Kinematic Coupling Constraints

Kinematic coupling constraints limit the motion of a group of nodes to rigid body motion defined by a reference node.

In addition, kinematic coupling constraints:

  • can be applied only to specific user-specified degrees of freedom at the constrained nodes;

  • can be specified with respect to local coordinate systems at the constrained nodes; and

  • can be used in geometrically linear or nonlinear analysis.

The preferred method of providing a kinematic constraint of this type is described in Coupling Constraints.

This page discusses:

Typical Applications

The kinematic coupling constraints are useful in cases where a large number of nodes (the “coupling” nodes) are constrained to the rigid body motion of a single node and the degrees of freedom that participate in the constraint are selected individually in a local coordinate system. In many such cases MPCs either are not available or must be prescribed individually for each constrained node. A typical example is shown in Figure 1, where a kinematic coupling constraint is used to prescribe a twisting motion to a model without constraining radial motions. In other applications the kinematic coupling constraint can be used to provide coupling between continuum and structural elements.

A kinematic coupling constraint used to transmit rotation to a structure while permitting radial motion.

Defining the Constraint

A kinematic coupling constraint requires the specification of a reference node, coupling nodes, and the constrained degrees of freedom at these nodes. The reference node has both translational and rotational degrees of freedom.

Kinematic constraints are imposed by eliminating degrees of freedom at the coupling nodes. Once any combination of displacement degrees of freedom at a coupling node is constrained, additional displacement constraints—such as MPCs, boundary conditions, or other kinematic coupling definitions—cannot be applied to any coupling node involved in a kinematic coupling constraint. The same limitation applies for rotational degrees of freedom.

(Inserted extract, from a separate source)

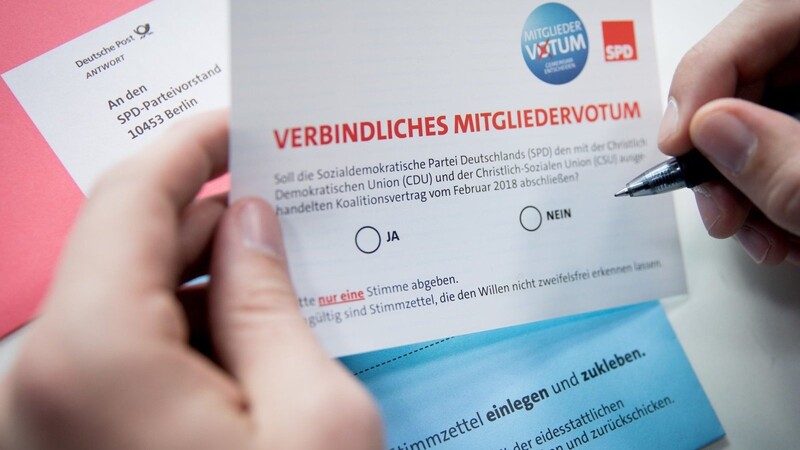 Die Wahlunterlagen eines Mitglieds der SPD für das SPD-Mitgliedervotum über die große Koalition von SPD und CDU liegen auf einem Tisch. Das Ergebnis der Mitgliederbefragung wird am 04.03.2018 bekannt gegeben.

Translational Degrees of Freedom

Translational degrees of freedom are constrained by eliminating the specified degrees of freedom at the coupling nodes. When all translational degrees of freedom are specified, the coupling nodes follow the rigid body motion of the reference node.

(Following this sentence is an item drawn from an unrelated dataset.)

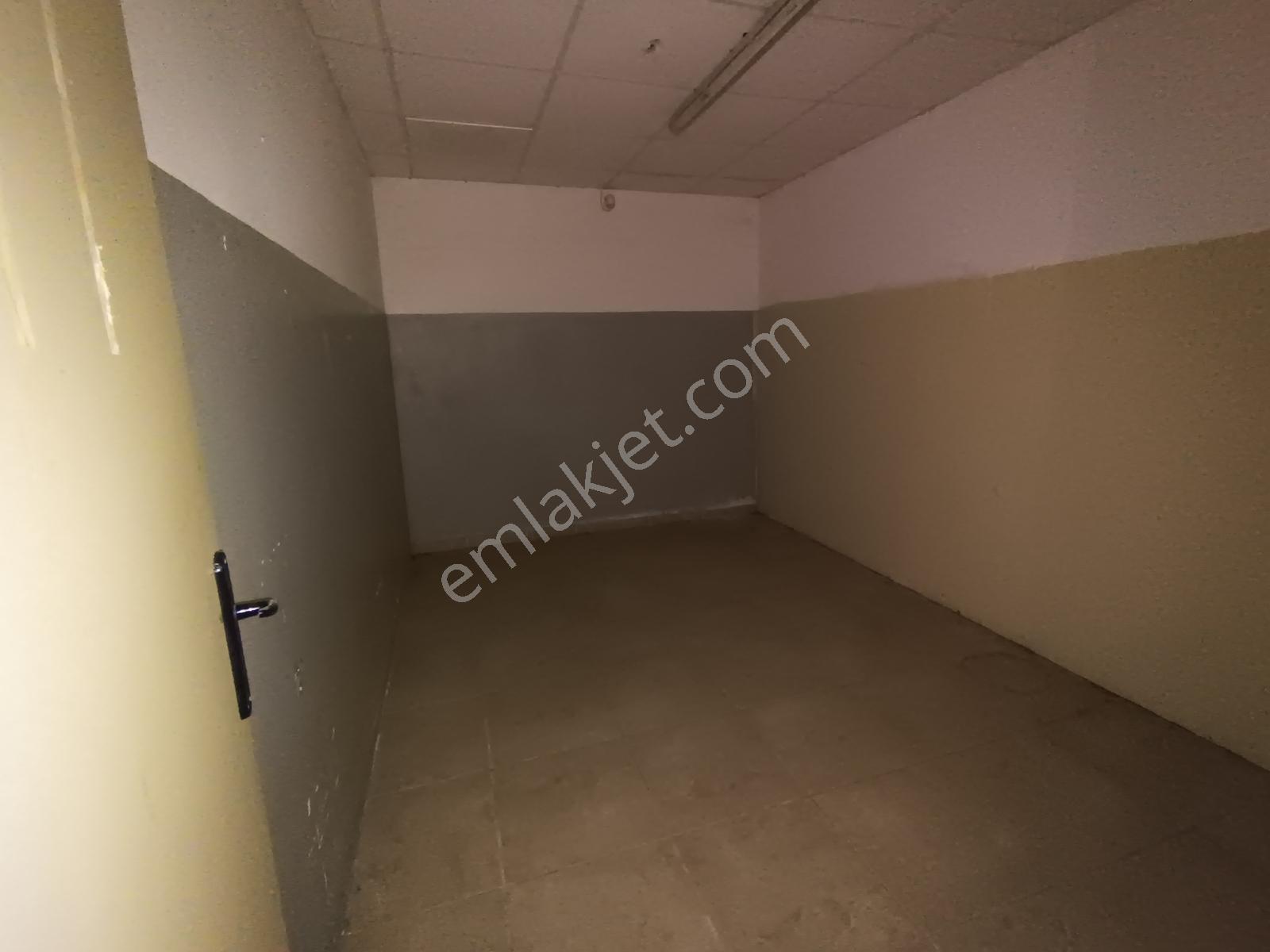 Söke Priene Avm'de Eski Migrosun Olduğu 1.200 M2 Mağaza Kiralık - Görsel 28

Rotational Degrees of Freedom

All combinations of selected rotational degrees of freedom result in rotational behavior that is identical to existing MPC types. Specifically:

  • Selection of three rotational degrees of freedom along with three displacement degrees of freedom is equivalent to MPC type BEAM.

  • Selection of two rotational degrees of freedom is equivalent to MPC type REVOLUTE.

  • Selection of one rotational degree of freedom is equivalent to MPC type UNIVERSAL.

Internal nodes are created by the kinematic coupling to enforce the constraints that are equivalent to MPC types REVOLUTE and UNIVERSAL. These nodes have the same degrees of freedom as the additional nodes used in these MPC types and are included in the residual check for nonlinear analysis.

Specifying a Local Coordinate System

The constrained degrees of freedom at the coupling nodes can be specified in a local coordinate system instead of the (default) global coordinate system (see Orientations). Figure 1 illustrates the use of a local coordinate system definition with a kinematic coupling constraint to constrain all but the radial translation of a group of nodes to a reference node. In this example a local cylindrical coordinate system is defined that has its axis coincident with the structure's axis. The coupling node constraints are then specified in this local coordinate system. In this example the constrained nodes are attached to continuum elements; thus, only translational degrees of freedom need to be specified.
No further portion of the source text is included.